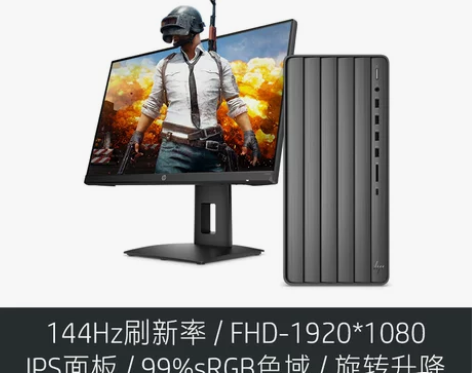 【不锁算力】惠普11代酷睿薄锐Envy游戏...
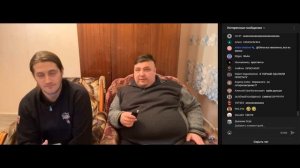 Огр Макс и Хиккан - Нарезочка со Стрима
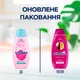 Шампунь Schauma Fresh it Up! с экстрактом маракуи 400 мл (3838824293813) - изображение 3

[PROBLEM TO WORK ON] The complete material, set down exactly and stripped of pictures, is the expected response.

[EXERCISE RESULT]
 【不锁算力】惠普11代酷睿薄锐Envy游戏...
 Огр Макс и Хиккан - Нарезочка со Стрима
 Шампунь Schauma Fresh it Up! с экстрактом маракуи 400 мл (3838824293813) - изображение 3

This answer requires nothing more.